## Task input
· · ·

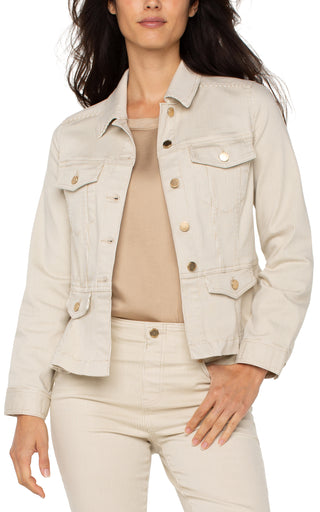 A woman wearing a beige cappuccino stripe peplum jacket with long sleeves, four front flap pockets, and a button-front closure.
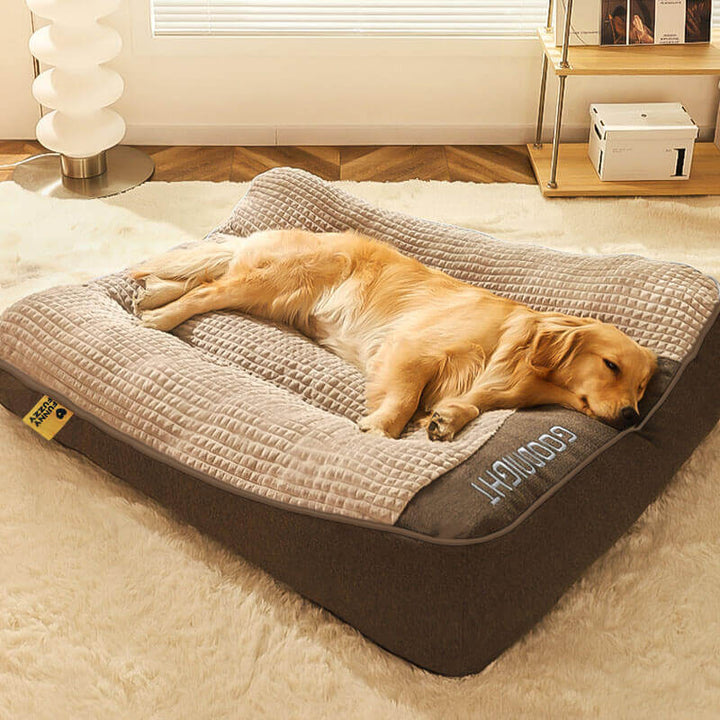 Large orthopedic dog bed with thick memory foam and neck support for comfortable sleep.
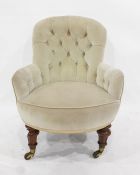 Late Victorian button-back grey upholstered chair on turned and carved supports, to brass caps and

· · ·

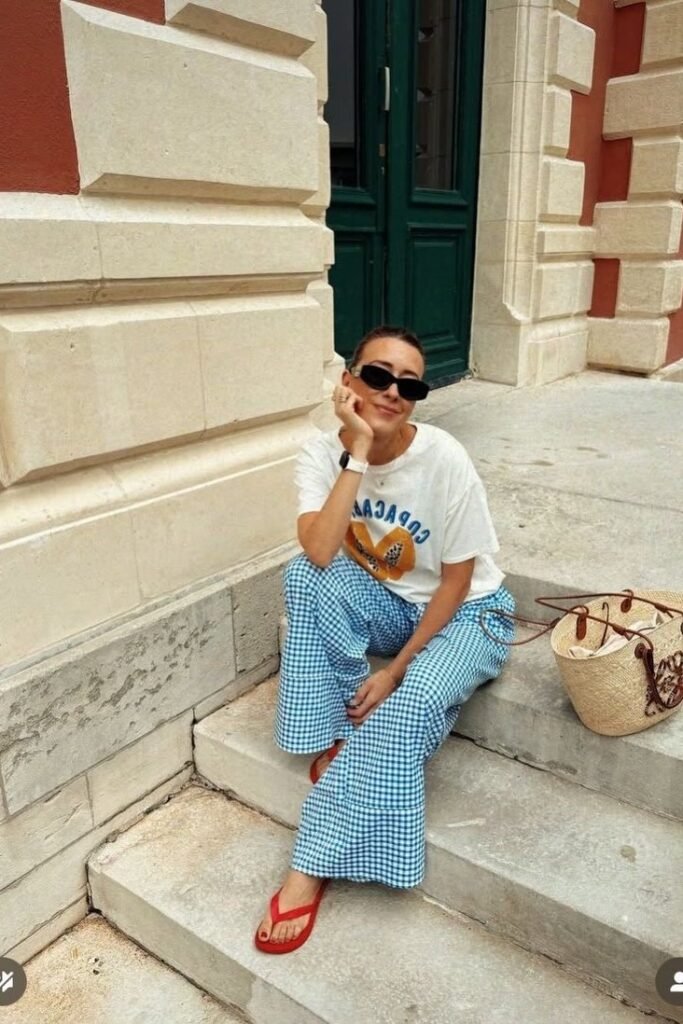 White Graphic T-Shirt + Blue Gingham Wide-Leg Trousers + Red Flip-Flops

· · ·

## Task to complete
Make an exact copy of the lines above, beginning with the line with "Large orthopedic dog" and ending with the line with "Late Victorian button-back", and keep the pictures out of it.

## Your response
 Large orthopedic dog bed with thick memory foam and neck support for comfortable sleep.
 Late Victorian button-back grey upholstered chair on turned and carved supports, to brass caps and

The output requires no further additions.